Es ist das Stadium der Schattenschwelle, wo oft auf weite Strecken das innere Licht zu flackern beginnt und in Gefahr gerät, gänzlich zu verlöschen, bis es sich, so es die Gnade will und die körperliche Verfassung in gleichem Ablauf ein Stirb und Werde durchmacht, zu neuer Leuchtkraft erhebt. Es ist die naturnotwendige Zwischenzeit, eine zwangsläufige Pause und Erholung, die, nicht genügend erkannt und berücksichtigt, der menschlichen Schwachheit nachgibt und in die Ewigkeit mündet.
Es ist die Zeit, da die Sonne über den Mittagspunkt hinabgerückt ist. Nach den Mühen des Aufstiegs scheint der Weg endlich bequem und eben dahinzulaufen, von Erfolg umblüht, von freundlichen Aussichten begleitet. Da fällt jäh ein Schatten darüber hin. Der Auslöscher steht vor der Sonne und blickt den Wanderer abschätzend an, wie rüstig er sei, wie gefeit und gewappnet, den Schritt durch den Schatten zu tun, den Schritt über die Abgrundschwelle, den Gang durch eine aussichtslose Öde und Verlassenheit. Wird die Sonnenpforte sich noch einmal öffnen? Wird die Kraft unverbraucht genug sein, den Schattengang durchzuhalten und noch einmal auferstehen in die besonnte Luft des irdischen Daseins, gesammelt zu Reife und herbstlicher Frucht?

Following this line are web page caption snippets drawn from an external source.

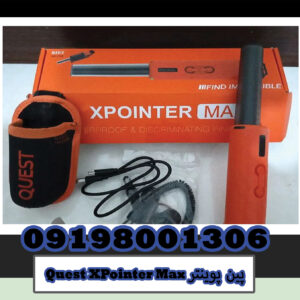 Quest XPointer Max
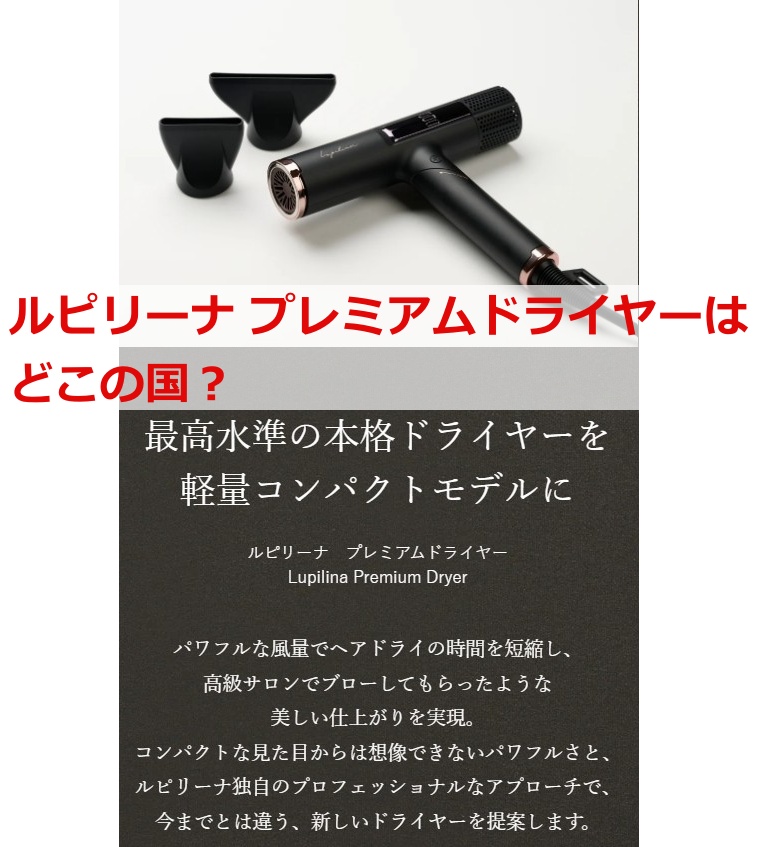 ルピリーナ プレミアムドライヤーは どこの国？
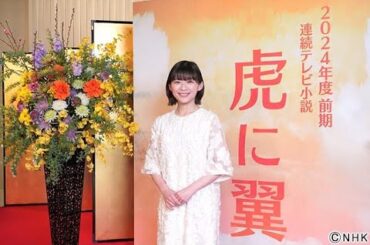 B1- 伊藤沙莉主演「虎に翼」の主題歌は米津玄師の「さよーならまたいつか！」。語りは尾野真千子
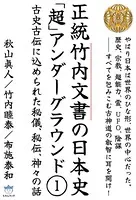 正統竹内文書の日本史「超」アンダーグラウンド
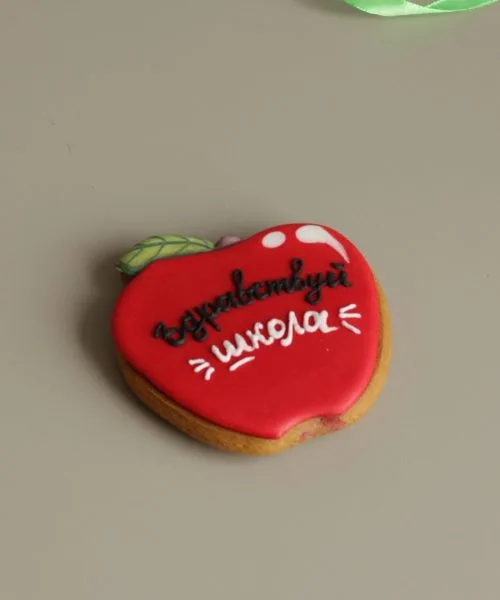 Имбирный Пряник Штучный С10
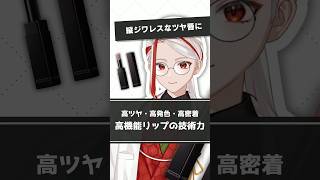 【縦ジワレスなツヤ唇に】アディクションの新作リップおすすめポイントを化粧品成分のプロが解説【#shorts】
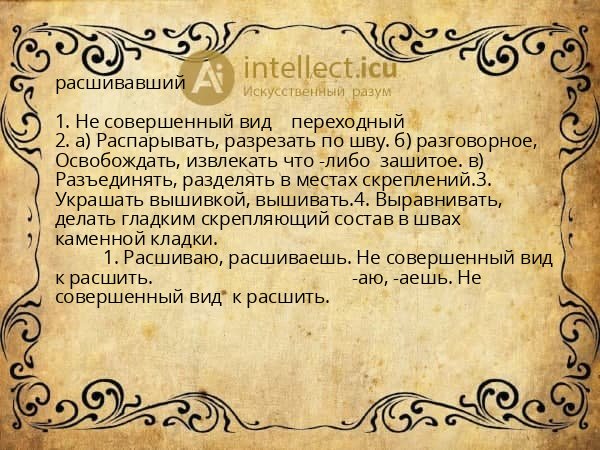 расшивавший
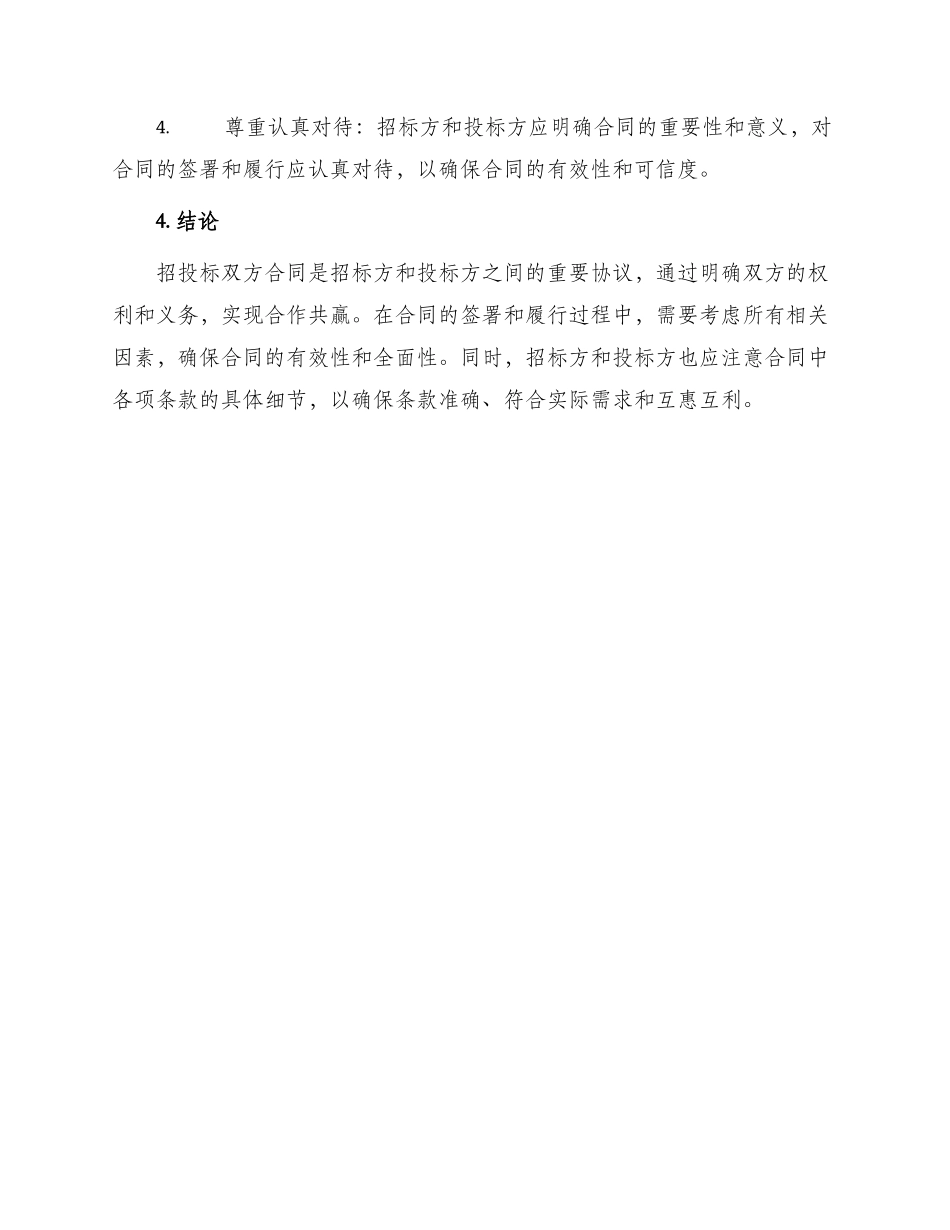 招投标双方合同格式及主要条款_第3页
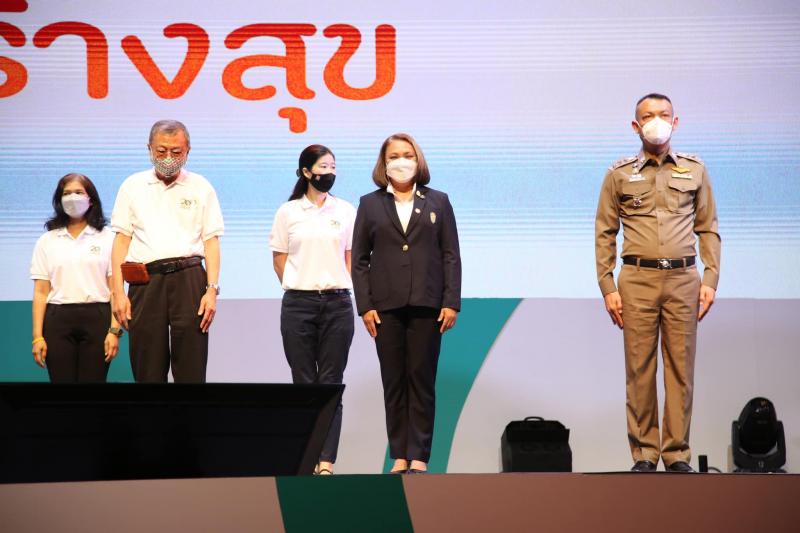 รองปลัดพม.เข้าร่ว�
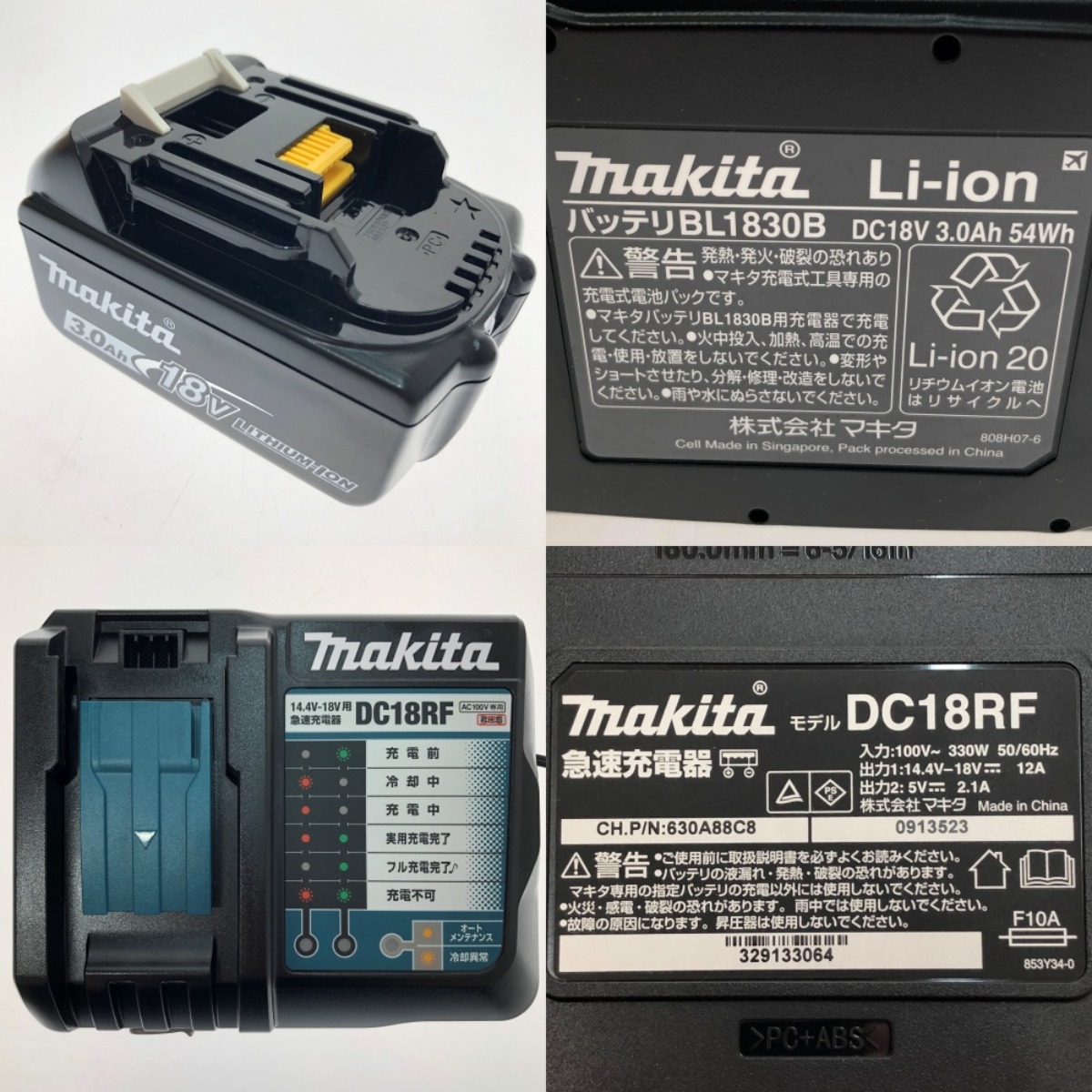 □□ MAKITA マキタ 充電式ブロワ 18V UB185DRF ブルー やや傷や汚れあり_画像8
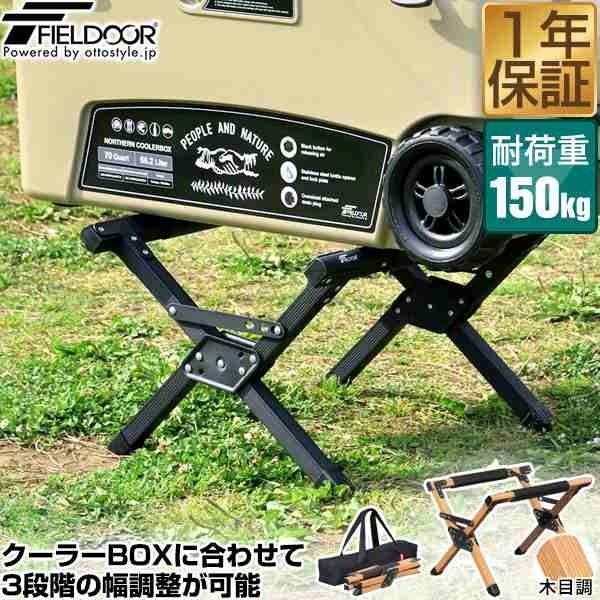 FIELDOOR クーラースタンド 軽量 アルミ製 耐荷重150kg 3段階 高さ調節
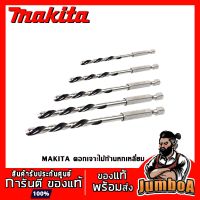 Woww สุดคุ้ม MAKITA ดอกเจาะไม้ก้านหกเหลี่ยม สำหรับไขควงกระแทก ไขควงไฟฟ้า ราคาโปร ไขควง ไขควง ไฟฟ้า ไขควง วัด ไฟ ไขควง แฉก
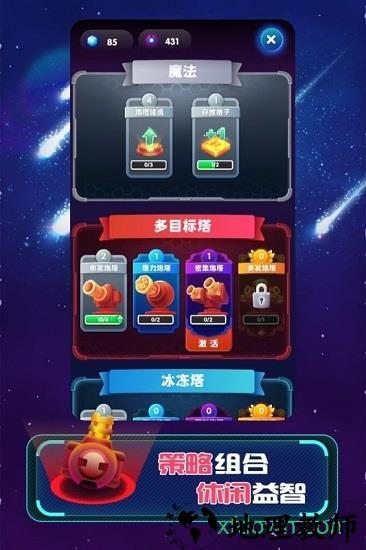 合体塔防向我开炮 v1.0 安卓版 2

Tidemunt genas äußerlich rasch. Doch dauerte es Wochen, ehe er ein Wort sprach. Zumeist starrte er auf die höchste Fensterecke, wie gebannt von dem wechselnden Aussehen des Himmels. Er lag, allmählich vollbärtig, in die Weiße des Lagers vergraben wie einer, den eine Lawine verschüttet hat und der, mühsam gefaßt und nichts als Lauschen, auf das Herannahen von Hilfe wartet. Vom Hospital hatte man nicht unternommen, irgendwelche Anschriften, wie sie aus der Brieftasche des Eingelieferten sich wohl ergeben hätten, zu benachrichtigen. Man hatte das Erwachen des Ohnmächtigen abgewartet und ihn dann in einer schmerzfreien Minute gefragt, ob und wohin man in seinem Namen schreiben solle. Eine Weile hatte er nachgedacht und dann den Kopf geschüttelt.